Навои молчал, перебирая пальцами бахрому скатерти.
— Друг мой, — сказал поэт, поднимая голову, — по некоторым дошедшим до моих ушей известиям я представлял себе те печальные картины, которые вы нарисовали. Но мне не могло прийти в голову, что люди, стоящие власти, до такой степени погрязли во всяких мерзостях. Чтобы вспахать и засеять землю, надо быть крестьянином. Свиньи своим рылом только портят посевы. Мы не можем оставаться простыми зрителями таких дел. Во тьме ночи, окутавшей родину, мы снова высоко поднимем светильник разума.
— Будет ли от этого польза? — сказал Ходжа Афзаль, безнадежно пожимая плечами. _
— Некоторые твари предпочитают мрак свету, — продолжал Навои. — Например, для летучей мыши жизнь начинается с наступлением ночи. Жаль, что среди людей, служащих в наше время украшением мира, так много врагов света. Как могучий поток уносит с земли отбросы, так торжество разума увлечет этих людей с арены жизни в небытие. Поэтому, где бы мы ни находились, мы должны сохранить Для родины священный огонь разума. Мы подобны кузнецу. Расплавив цепи тьмы в горниле разума, мы создаем из них нужные для жизни орудия. Друг мой, нужна твердая вера.

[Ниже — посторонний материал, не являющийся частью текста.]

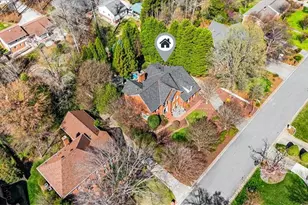 905 McDowell Dr, Greensboro, NC 27408 - Photo 48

Ходжа Афзаль не знал, что сказать. Мучения, которые он испытывал в Герате, внушили ему отвращение к жизни. К тому же он не мог себе представить, что его друзья когда-нибудь снова займут прежнее положение. Он думал, что поэтом в изгнании овладели такие же настроения. Проникнутые глубоким убеждением и верой, слова Алишера удивили Ходжу Афзаля. «Закованный лев еще сильнее духом, чем лев на свободе», — подумал он.
Ходжа Афзаль принялся расспрашивать об астрабадских делах. Навои кратко рассказал о царивших здесь до него порядках, о нуждах обитателей области и, улыбаясь, прибавил:
— Недаром говорится: «Если бубен цыгана сломается, он станет игрушкой для обезьяны». Здешние правители занимались глупыми, бессмысленными делами, точно действовали по этой пословице.
Ходжа Афзаль прищурив свои маленькие косые глаза, засмеялся:
— Скажите, больше напортили, чем поправили.
— Им как будто было приятно портить, — с гневом проговорил Навои. — И при таком положении дел они мечтали накопить горы золота для казны. Астрабад — большой торговый город, но он в запустении.
Приближалось время послеполуденной молитвы. Все поднялись, чтобы совершить омовение.
К ужину были приглашены некоторые ученые и должностные лица Астрабада. Вечер прошел в задушевной беседе.
На следующий день торжественно прибыли послы от Якуб-бека. Ржание коней, голоса слуг и нукеров наполнили двор.
Люди Якуб-бека очень сердечно приветствовали Навои и поднесли ему подарки. Пышно одетый туркмен почтительно вручил поэту письмо Якуб-бека. Навои выразил гостям благодарность и, расспросив каждого в отдельности о здоровье, пригласил садиться.
Поэт прочитал письмо про себя. Лицо его просияло. В письме правитель выражал ему свою любовь и уважение. Навои свернул бумагу, положил на колени и попросил посланных передать Якуб-беку его благодарность. Оживленная беседа продолжалась до поздней ночи.
Через несколько дней гости уехали, увозя с собой приветы и подарки. Ходжа Афзаль двинулся в путь, направляясь в Мекку.
Он не верил, что Дела в Герате наладятся, а враги потерпят поражение, и был грустен. Ему оставалось только покинуть родину — другого выхода он не видел. Поэтому, несмотря на просьбу Навои отложить отъезд, Ходжа Афзаль не согласился это сделать.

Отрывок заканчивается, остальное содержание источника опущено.